### Your task
Only what runs from the line with "Neon dusk tide" to the end of the data should appear in the answer, exactly as written and without pictures.

(Given material begins)

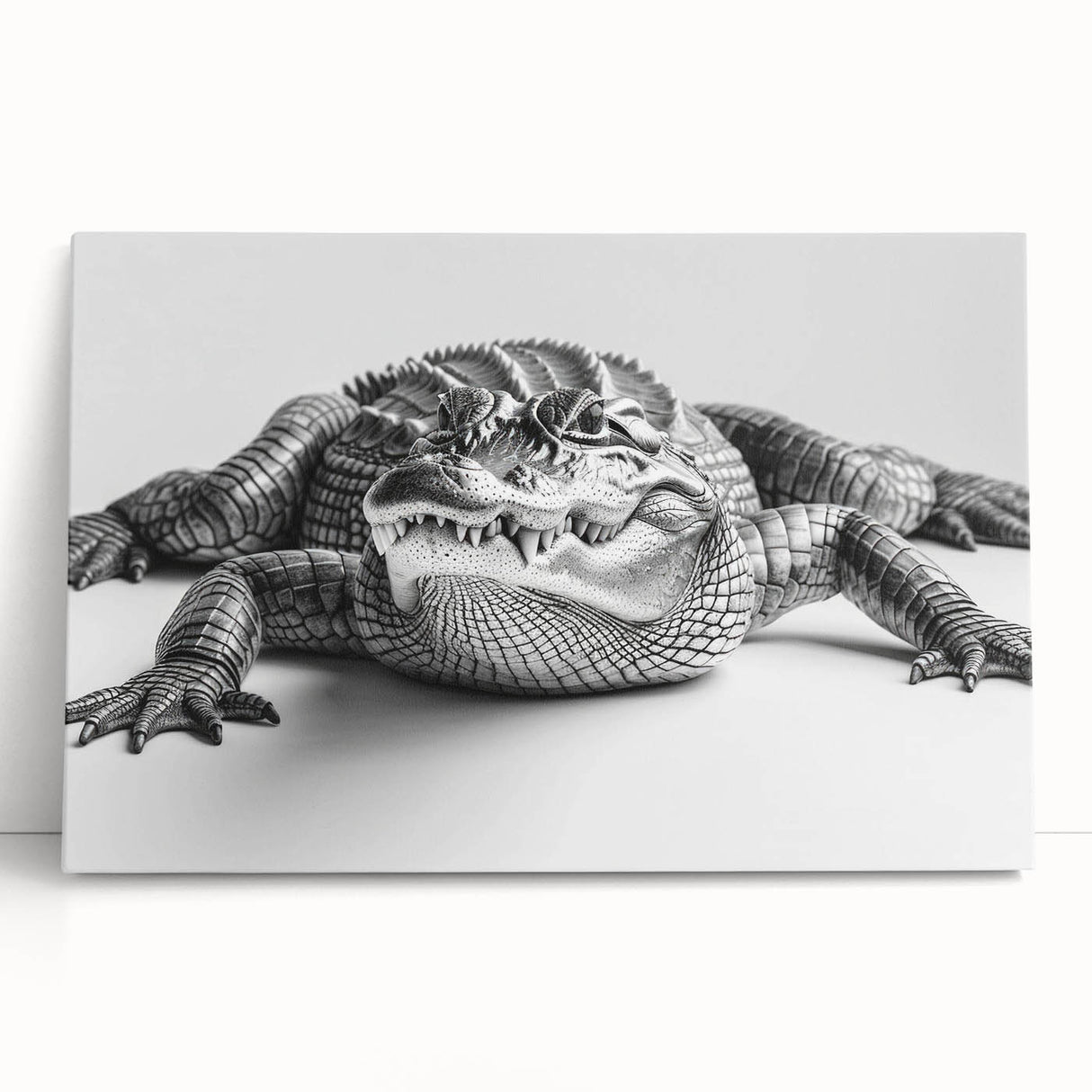 Stretched canvas wall art depicting a vibrant design of reptiles, including gators and crocodiles, showcasing intricate details and rich colors, ideal for nature-themed decor.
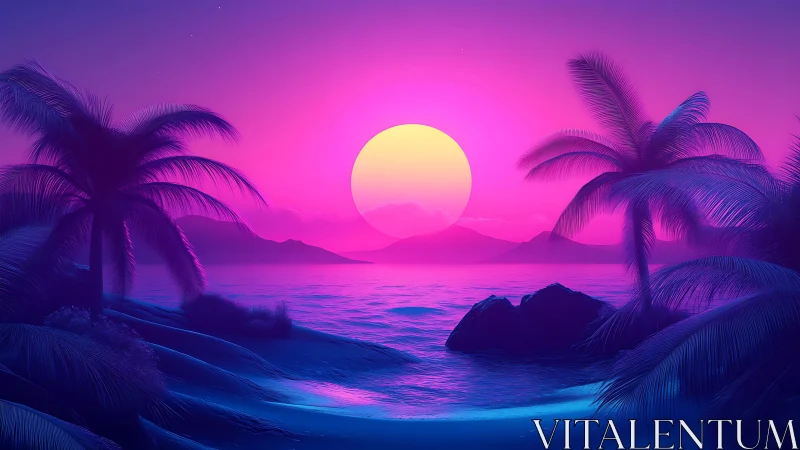 Neon dusk tide over dreamlike palms and glowing horizon.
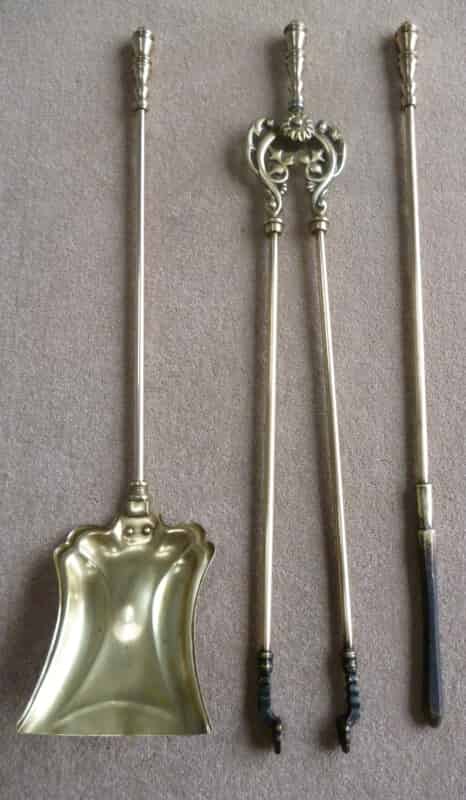 Set of Antique Brass Fireplace Irons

(Given material ends)

### Written solution
 Neon dusk tide over dreamlike palms and glowing horizon.
 Set of Antique Brass Fireplace Irons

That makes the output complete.